В завершение своего доклада Анна Адамовна обратилась к вопросу о местах и обстоятельствах проведения обряда крестоцелования. Она отметила, что источники не позволяют составить чёткое представление о самом обряде, однако можно выделить несколько основных тенденций.

Во многих случаях крестоцелование происходит в церкви, при этом духовенство обычно не участвует в самом принесении клятвы, но выступает в роли «администраторов».

Также принесение клятвы на кресте может совершаться на открытом воздухе. Обычно это происходит в случаях, когда в договоре участвуют не отдельные люди и политические акторы, а целый город как община. Например, в Лаврентьевской летописи описано, как владимирцы выходят перед Золотыми воротами и целуют крест. Однако Анна Адамовна обратила внимание на то, что на Золотых воротах располагалась надвратная церковь и, таким образом, пространство, где приносилась клятва, вовсе не было совершенно профанным.

Наконец, в Новгородской первой летописи есть сообщение о том, что Ярослав, принося клятву в 1228 г., целовал икону на Ярославовом дворище — это ещё одно возможное место совершения обряда.

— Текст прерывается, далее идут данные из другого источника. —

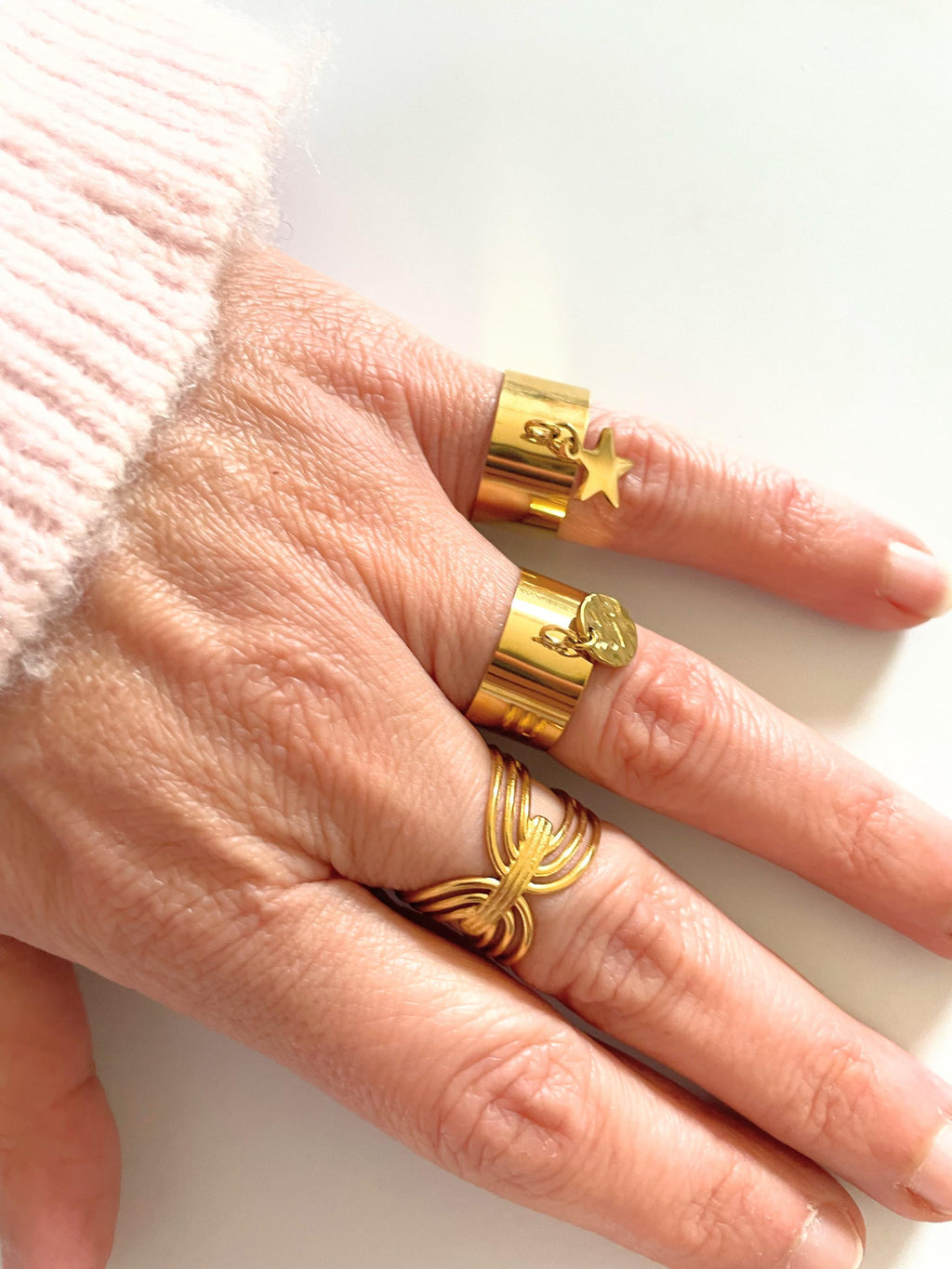 Bague Breloque Ajustable Dorée – Acier Inoxydable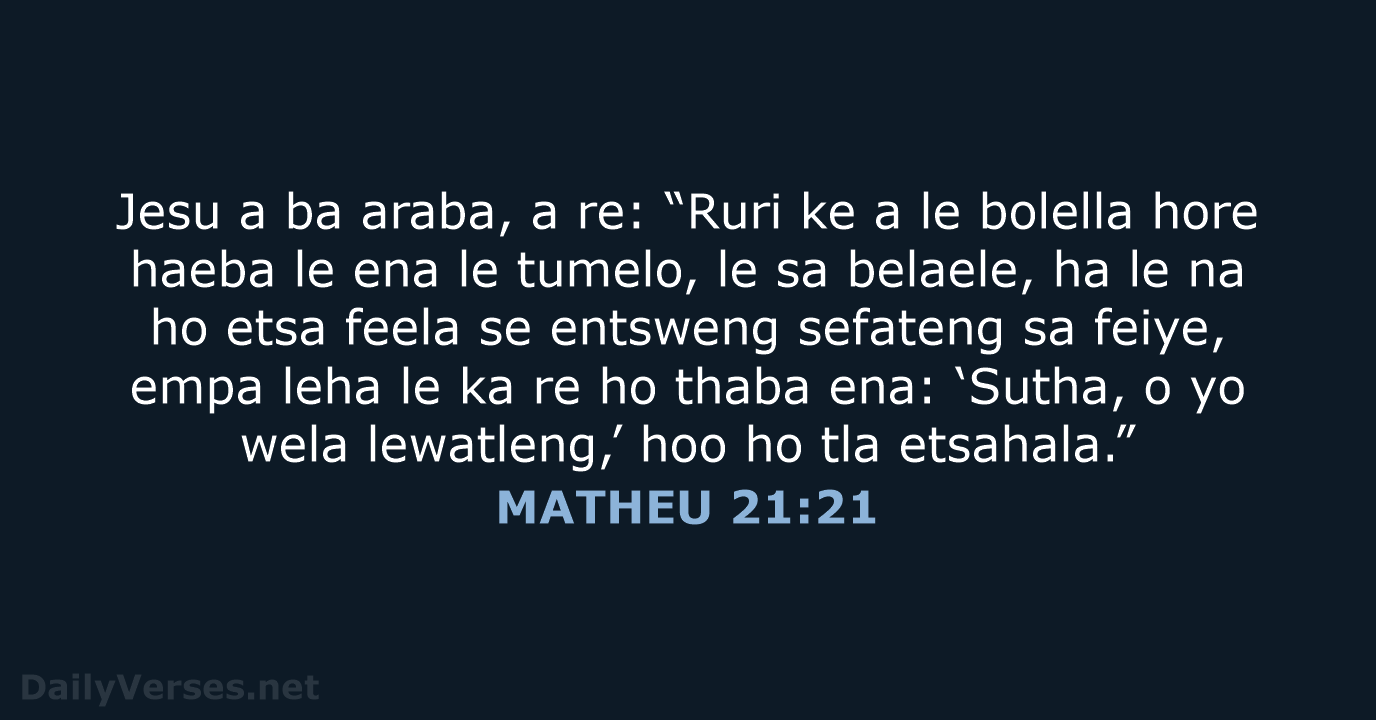 MATHEU 21:21 - SSO89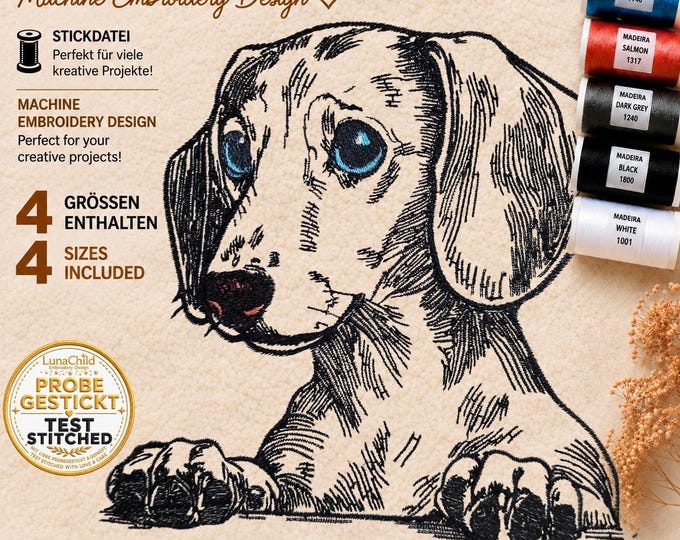 Embroidery File Dachshund “Izzy” – Realistic Dachshund Puppy for Light Fabric – 4 Sizes – LunaChild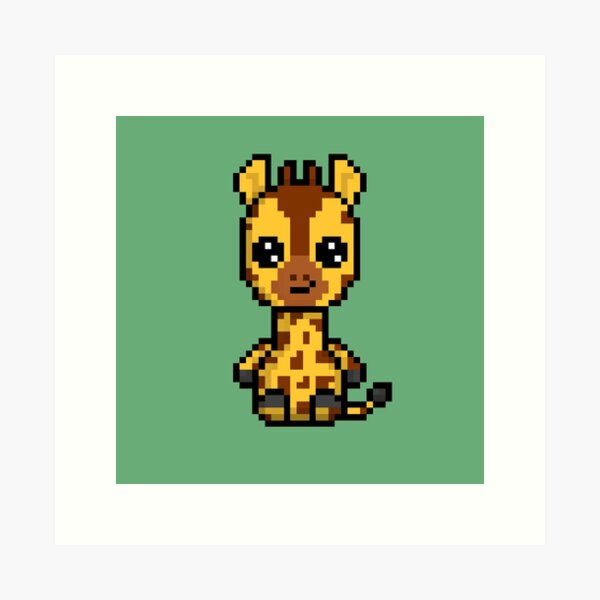 Cute Giraffe (Chibi Pixel Animal Character) Art Print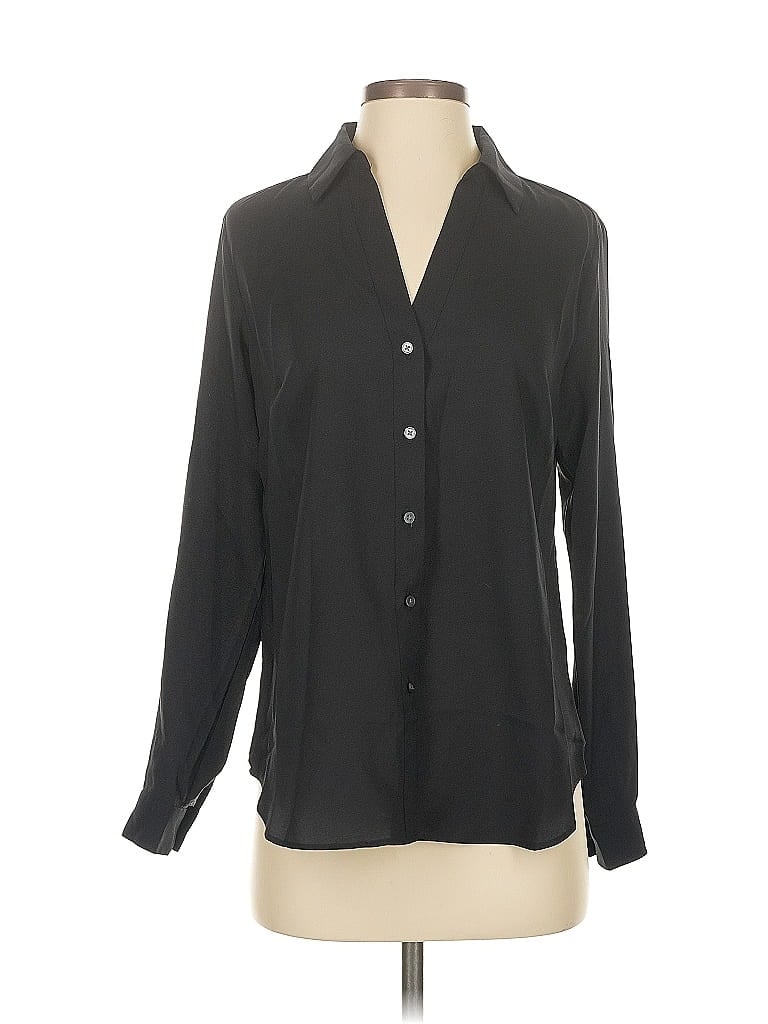Ann Taylor Long Sleeve Blouse In Black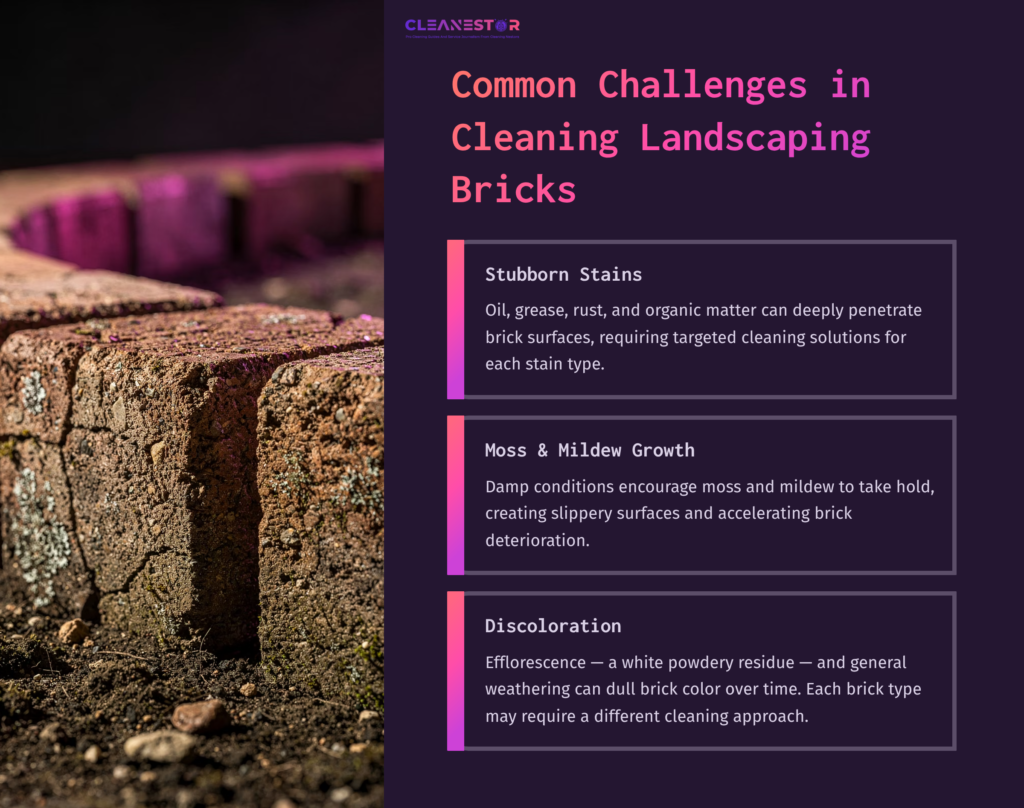 Close-Up Of Weathered Landscaping Bricks With Discoloration, Highlighting Stubborn Stains, Moss Growth, And Efflorescence Issues.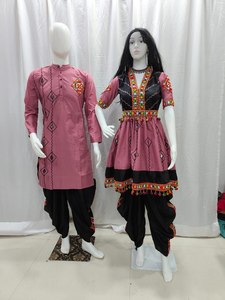 Conjunto Tradicional de Lehenga Choli de Algodón con Bordado de Espejo, Ropa India y Pakistaní, Vestido para Parejas - Product Image 5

Составить представление о самой форме ритуала можно по иллюстрациям в рукописях, хоть и чаще всего такие изображения присутствуют в более поздних памятниках. Анна Адамовна привела две иллюстрации из Радзивиловской летописи (конец XV в.), изображающих два варианта клятвы на кресте. В одном случае епископ подносит князьям, приносящим клятву, небольшое переносное распятие. На втором изображении князья собираются в церкви и целуют крест, находящийся на престоле, совершают перед ним проскинесис. Существуют и западные изображения клятвы на кресте. Так, на алтаре Десяти заповедей из гданьской церкви Марии (1480--1490 гг.) изображено, как человек кладёт руку на распятие, подтверждая свои слова.

Из источников мы можем составить представление о том, как осуществлялась процедура принесения клятвы на кресте в Новгороде. Документы свидетельствуют, что сначала составлялся черновик грамоты, который по несколько раз утверждался сторонами соглашения. После этого стороны произносили клятву, целовали крест и затем подвешивали к грамоте печать.

По завершении доклада развернулась активная дискуссия, в ходе которой, в частности, участники семинара обсудили разницу в использовании слов «клятва» и «рота», а также «целование» и «лобзание». М.А. Бойцов дополнил доклад рассказом о принесении клятв на реликвиях в Западной Европе (обычно святыни не целовали, достаточно было к ним прикасаться), а также привёл в пример посольство Василия III к Максимилиану I, во время которого император был вынужден целовать крест в подтверждение заключённого соглашения. Кроме того, Михаил Анатольевич предложил другую классификацию клятв на священных предметах: на основе того, какого рода социальные связи выстраиваются с помощью этих ритуалов. Во-первых, можно выделить клятвы — подтверждения слов или действий и клятвы — обещания сделать или не делать что-либо. Во-вторых, клятвы могут быть индивидуальными и коллективными; приноситься конкретному человеку или сообществу. Также М.А. Бойцов обратил внимание на то, что до середины XII в. на Руси было очень мало реликвий — и, вероятно, именно поэтому здесь преобладали крестоцелование и клятвы на иконах, тогда как на Западе были намного больше распространены клятвы на реликвиях.

Развёрнутый комментарий к докладу предложил П.С. Стефанович, также изучающий тему крестоцелования. Он отметил, что клятва — это только один из элементов в процессе формирования социальных связей между людьми или группами людей, зачастую далеко не самый важный. Эти клятвы являлись частью ритуала, целью которого было установление определённых отношений. Именно в этом контексте можно понять значение отдельных элементов такого ритуала. По мнению Петра Сергеевича, объект, на котором приносилась клятва (крест, икона или реликвия), вовсе не столь важен; выбор этого объекта был обусловлен теми или иными объективными обстоятельствами, например дефицитом мощей на Руси. Другими элементами символической системы выступали сам текст клятвы, письменный или устный, ситуация, в которой заключалось соглашение, публичный характер клятвы или её расторжения. П.С. Стефанович предложил в первую очередь искать в источниках различные объяснительные и легитимизационные модели принесения клятвы как целостного символического действа.